Southall also said the Wales Footballer of the Year Award should be named after Speed who had begun to transform Welsh fortunes having led them to three wins in a row.
"It'd be nice if they name the Wales Player Of The Year award after Gary. Name a stand after him. It would be nice for Everton to do something."
Everton have said that his team mates from 1996 to 1998 will be invited to Goodison Park on Sunday for the match against Stoke City as part of a tribute to their former midfielder, who was also a boyhood Everton fan.
BOOK OF CONDOLENCE
There will also be a minute's silence before the Premier League fixture and the club have opened a book of condolence.
Leeds fans will sing Speed's name for 11 minutes from the 11th minute of Tuesday's Championship match at Nottingham Forest. Speed wore the No. 11 shirt during his eight years at the club.
There has been an outpouring of stunned public grief following his death with so many tributes pouring into the Football Association of Wales's online book of condolence that it crashed on Monday.
PFA chief executive Gordon Taylor said: "There will be an overwhelming sense that we want to do something together to show how loved and regarded he was in the football world. There is a terrible sense of loss."
Speed's close friend, former England striker and Newcastle team mate Alan Shearer, summed up what many felt when he wrote in The Sun: "The question I keep asking myself, and have done so since I heard the dreadful news, is: Why?

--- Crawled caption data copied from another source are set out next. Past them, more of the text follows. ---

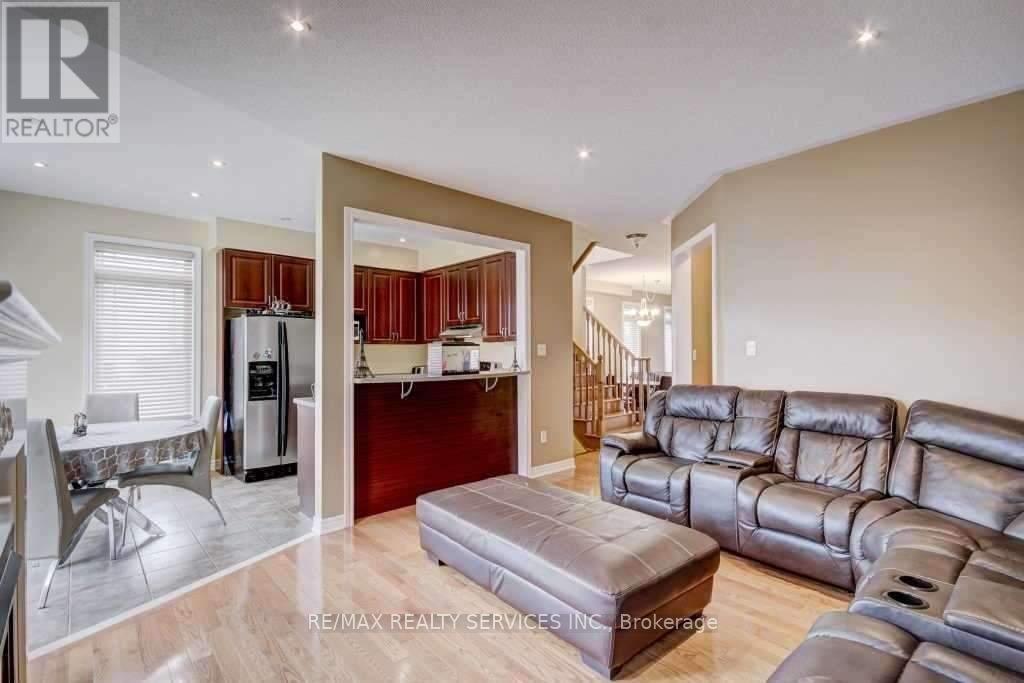 19 Putnam Drive, Brampton, Ontario  L7A 3S4 - Photo 9 - W12654086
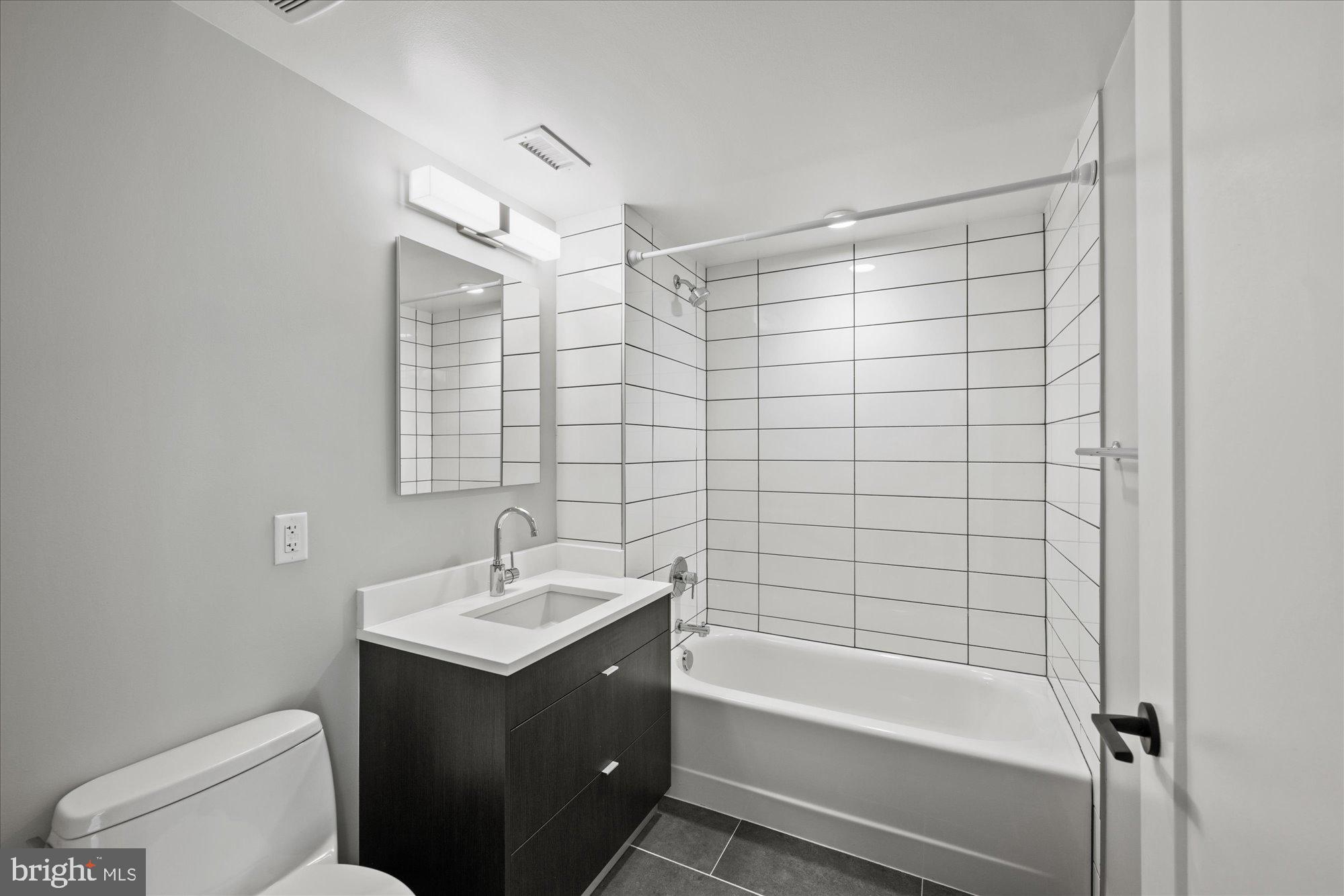1300 4th Street Southeast, Unit 308 Washington, DC 20003 - Photo 10 of 15 Full Bathroom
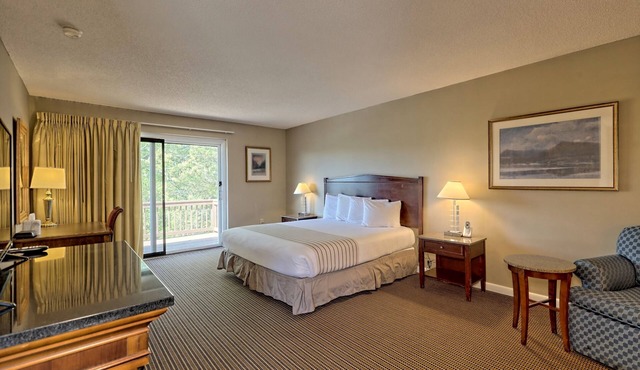 Cozy King Room in Clayton with Mountain Views and Communal Pool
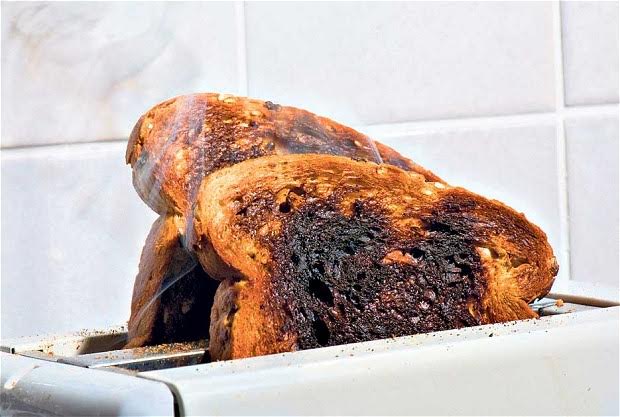 
Ăn bánh mỳ cháy xém do nướng ở nhiệt độ quá cao có nguy cơ tích tụ chất gây ung thư.
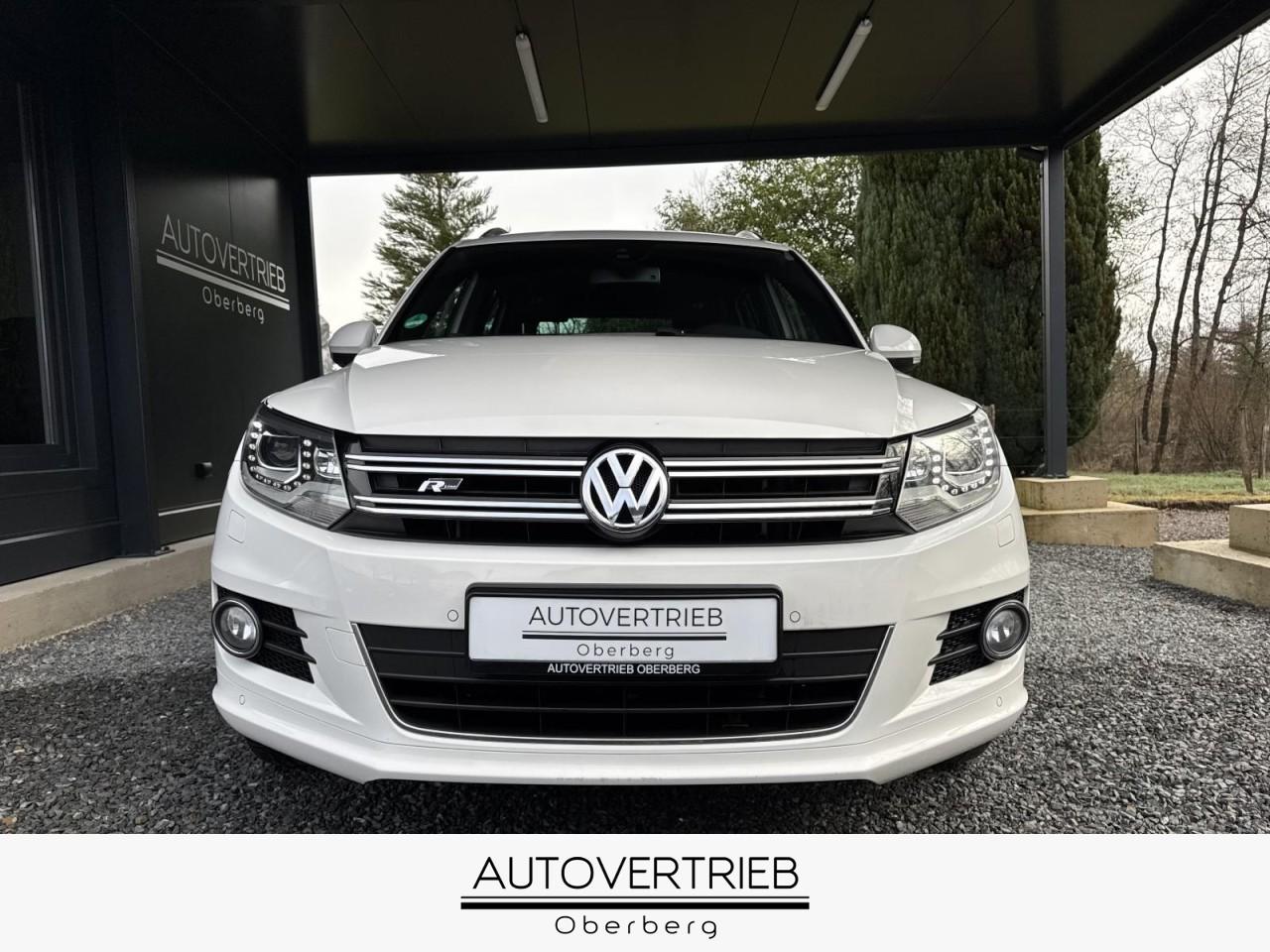 Volkswagen Tiguan 2.0 TDI DSG R-LINE NAVI LED KLIMA SHZ MFL
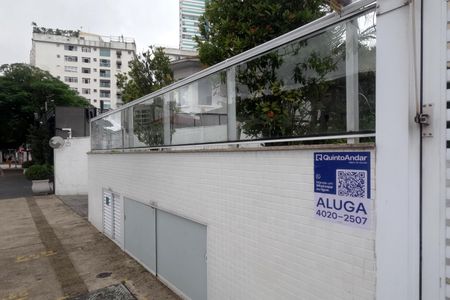 Apartamento para alugar com 60m², 2 quartos e 1 vagaFachada | Adesivo/Placa Quintoandar instalado 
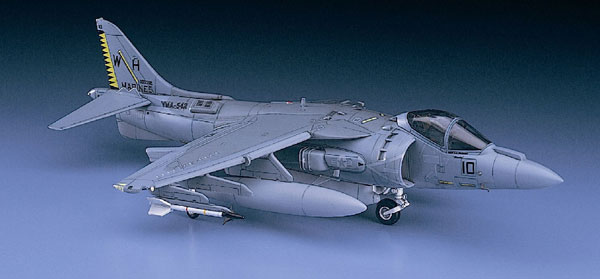 1/72 AV-8Bプラス ハリアーII プラモデル（再販）[ハセガワ]《07月予約》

"I was with him on Saturday for most of the day. There was not an inkling of anything wrong with him. He was his usual bright, cheerful, mickey-taking self."
Shearer said the two had made plans to go on holiday with their families to Portugal again as they did this year, and that Speed planned to stay at Shearer's house next Friday after a charity event in Newcastle.
"When we parted on Saturday he made some jokey remark about my golf. 'See you next weekend' were his last words to me.
"They were not the words of someone planning to do something so awful."